A hypothetical electromagnetic wave is shown below. The frequency of the wave is $$x \times 10^{19}$$ Hz. $$x =$$ ______ (nearest integer)

1. Identify the Wavelength ($$\lambda$$)

Looking at the diagram, the distance of 1.5 pm represents the distance from a peak (crest) to a zero-crossing (node).

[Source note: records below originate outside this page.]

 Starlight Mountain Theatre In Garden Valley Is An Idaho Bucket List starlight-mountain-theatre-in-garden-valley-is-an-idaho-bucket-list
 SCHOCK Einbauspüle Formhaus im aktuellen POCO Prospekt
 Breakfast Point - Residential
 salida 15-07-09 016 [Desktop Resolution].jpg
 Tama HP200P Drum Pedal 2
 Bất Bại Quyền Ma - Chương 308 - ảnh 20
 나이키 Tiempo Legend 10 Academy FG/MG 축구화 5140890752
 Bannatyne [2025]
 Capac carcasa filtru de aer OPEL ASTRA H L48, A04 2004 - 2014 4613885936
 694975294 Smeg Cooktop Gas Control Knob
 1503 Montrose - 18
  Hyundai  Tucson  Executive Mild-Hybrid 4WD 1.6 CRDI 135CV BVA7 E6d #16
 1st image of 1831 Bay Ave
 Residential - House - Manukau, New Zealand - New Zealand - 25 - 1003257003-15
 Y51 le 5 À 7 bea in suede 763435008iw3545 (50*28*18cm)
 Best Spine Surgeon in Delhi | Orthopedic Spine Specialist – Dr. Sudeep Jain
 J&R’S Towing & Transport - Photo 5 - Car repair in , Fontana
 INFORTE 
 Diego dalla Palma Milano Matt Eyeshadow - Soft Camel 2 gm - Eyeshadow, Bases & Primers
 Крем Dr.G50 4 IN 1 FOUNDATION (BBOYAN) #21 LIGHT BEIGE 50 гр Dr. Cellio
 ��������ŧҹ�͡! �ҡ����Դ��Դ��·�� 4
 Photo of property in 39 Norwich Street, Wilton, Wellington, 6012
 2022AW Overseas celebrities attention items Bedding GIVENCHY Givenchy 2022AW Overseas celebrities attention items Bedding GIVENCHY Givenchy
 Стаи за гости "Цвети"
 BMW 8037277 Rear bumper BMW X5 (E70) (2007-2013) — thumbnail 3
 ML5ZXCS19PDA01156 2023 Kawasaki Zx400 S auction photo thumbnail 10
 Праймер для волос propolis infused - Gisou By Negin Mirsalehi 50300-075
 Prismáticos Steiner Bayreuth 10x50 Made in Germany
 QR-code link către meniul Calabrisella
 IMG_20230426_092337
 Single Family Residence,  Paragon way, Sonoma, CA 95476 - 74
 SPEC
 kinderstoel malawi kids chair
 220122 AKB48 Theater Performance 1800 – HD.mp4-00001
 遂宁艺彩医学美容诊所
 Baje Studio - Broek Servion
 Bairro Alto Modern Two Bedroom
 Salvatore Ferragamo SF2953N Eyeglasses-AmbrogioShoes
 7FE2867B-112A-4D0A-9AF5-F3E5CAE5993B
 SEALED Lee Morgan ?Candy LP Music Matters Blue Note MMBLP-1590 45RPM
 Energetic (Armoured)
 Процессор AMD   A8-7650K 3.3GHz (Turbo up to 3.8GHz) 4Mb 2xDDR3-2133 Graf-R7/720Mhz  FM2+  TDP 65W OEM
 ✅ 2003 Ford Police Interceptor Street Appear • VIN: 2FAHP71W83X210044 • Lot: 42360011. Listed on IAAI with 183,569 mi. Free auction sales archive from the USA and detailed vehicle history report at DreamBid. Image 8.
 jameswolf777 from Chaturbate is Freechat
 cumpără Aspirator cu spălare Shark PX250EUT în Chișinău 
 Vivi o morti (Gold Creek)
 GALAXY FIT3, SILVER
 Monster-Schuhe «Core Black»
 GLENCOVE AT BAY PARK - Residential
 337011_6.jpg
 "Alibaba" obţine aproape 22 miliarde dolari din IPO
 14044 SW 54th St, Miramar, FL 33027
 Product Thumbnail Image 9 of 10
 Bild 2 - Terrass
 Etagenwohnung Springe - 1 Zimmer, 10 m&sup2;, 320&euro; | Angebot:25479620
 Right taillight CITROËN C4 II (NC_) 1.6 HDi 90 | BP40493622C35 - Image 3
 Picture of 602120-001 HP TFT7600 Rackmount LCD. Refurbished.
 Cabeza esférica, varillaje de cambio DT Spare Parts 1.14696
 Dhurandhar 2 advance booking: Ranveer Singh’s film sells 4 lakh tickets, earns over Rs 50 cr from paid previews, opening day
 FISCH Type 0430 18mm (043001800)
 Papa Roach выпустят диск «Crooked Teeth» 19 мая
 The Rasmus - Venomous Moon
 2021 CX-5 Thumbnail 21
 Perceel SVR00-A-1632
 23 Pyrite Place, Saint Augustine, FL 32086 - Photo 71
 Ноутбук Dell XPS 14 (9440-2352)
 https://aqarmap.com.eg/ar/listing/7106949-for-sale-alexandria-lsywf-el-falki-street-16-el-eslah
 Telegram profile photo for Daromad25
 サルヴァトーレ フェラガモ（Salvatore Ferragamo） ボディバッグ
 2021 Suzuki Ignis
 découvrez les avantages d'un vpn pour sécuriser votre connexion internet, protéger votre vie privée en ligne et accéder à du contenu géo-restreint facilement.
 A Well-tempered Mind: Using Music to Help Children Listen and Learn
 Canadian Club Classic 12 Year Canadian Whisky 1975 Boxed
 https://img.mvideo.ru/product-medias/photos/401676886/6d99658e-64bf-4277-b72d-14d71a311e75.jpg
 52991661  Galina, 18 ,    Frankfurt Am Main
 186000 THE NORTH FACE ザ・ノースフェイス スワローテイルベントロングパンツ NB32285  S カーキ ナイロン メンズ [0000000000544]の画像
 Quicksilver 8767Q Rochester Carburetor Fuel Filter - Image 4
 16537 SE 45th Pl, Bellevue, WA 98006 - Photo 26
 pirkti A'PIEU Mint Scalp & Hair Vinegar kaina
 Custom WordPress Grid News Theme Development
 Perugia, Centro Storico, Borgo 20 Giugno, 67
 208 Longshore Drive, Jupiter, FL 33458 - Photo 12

• A full wavelength ($$\lambda$$) consists of four such segments (peak to node, node to trough, trough to node, and node back to peak).
• Therefore, the wavelength is:
  $$\lambda = 4 \times 1.5 \text{ pm} = 6.0 \text{ pm}$$
• Converting picometers to meters:
  $$\lambda = 6.0 \times 10^{-12} \text{ m}$$

2. Relate Speed, Frequency, and Wavelength

Since this is an electromagnetic wave, it travels at the speed of light ($$c \approx 3 \times 10^8 \text{ m/s}$$). We use the standard wave equation:

$$c = \nu \lambda$$

Where:

• $$c$$ is the speed of light ($$3 \times 10^8 \text{ m/s}$$)
• $$\nu$$ is the frequency (Hz)
• $$\lambda$$ is the wavelength (m)

3. Calculate the Frequency ($$\nu$$)

Rearranging the formula to solve for frequency:

$$\nu = \frac{c}{\lambda} = \frac{3 \times 10^8 \text{ m/s}}{6 \times 10^{-12} \text{ m}}$$

Now, simplify the powers of ten:

$$\nu = 0.5 \times 10^{8 - (-12)} = 0.5 \times 10^{20} \text{ Hz}$$ 

$$\nu = 5 \times 10^{19} \text{ Hz}$$